We drive straight ahead by intensively keeping within the tight outer lane, past more frontal 45 degree angle parking on our right. Then, through two busy – and deceptively ‘open’ – multi-laned roundabouts, into a two-way entrance of a busy undercover supermarket car park.
Under the 10 km/h speed limit of the car park’s ‘shared zone’, we drive to a quiet area. I ask the applicant to reverse 90 degrees leftwards into a space between two parked cars. I encourage the client to estimate the best start-off position and, when necessary, to glance at the mirrors. (S)he does and successfully manoeuvres the car into a tight marked space by executing a 90 degree reverse angle park.
Challenging low risk driving!
HAZARDOUS CBD DRIVING
On our way back to the CBD we turn left into a busy and very wide bi-laned road from a ‘stop’ sign. Turning right at a multi-laned roundabout, the client checks as (s)he indicates her/his exit. (S)he repeats that procedure in turning right at the next single-lane roundabout and, again, going straight at the second of two roundabouts. We stop again to let a car in front of us reverse into a angle parking spot. Stopping at the “stop” sign at the next four-way intersection, the client, at the four way intersection after that, negotiates her/his way across it. (S)he then enters a one-way street with a row of angle parked cars either side of us. At slow speed we negotiate speed bumps. We prepare to turn right again into the wide bi-laned road.

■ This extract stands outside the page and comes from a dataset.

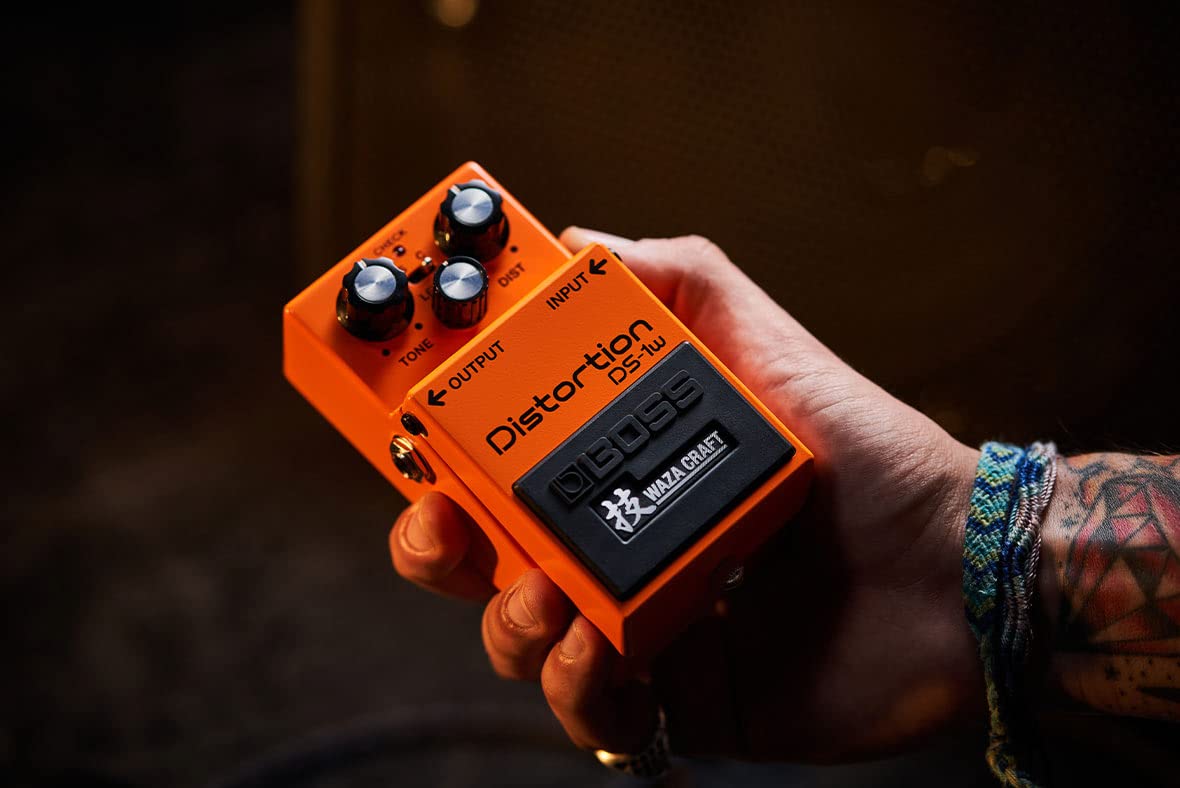 Amazon.com: Boss DS-1W Waza Distortion Effect Guitar Pedal Bundle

Having negotiated passage through two multi-laned roundabouts, we again turn right. In passing through another roundabout we come to a stop to let pedestrians cross the ‘shared zone’ street we’re just entering. It is tempting to not keep the car’s speed to less than 10 km/h. The car behind is all too close. We stop twice more for pedestrians (one on a skateboard) in a position to cross in front of us. And stopping again for approaching pedestrians before turning left at the next roundabout. We then head towards the Registry’s car park where a formal assessment will begin. (27).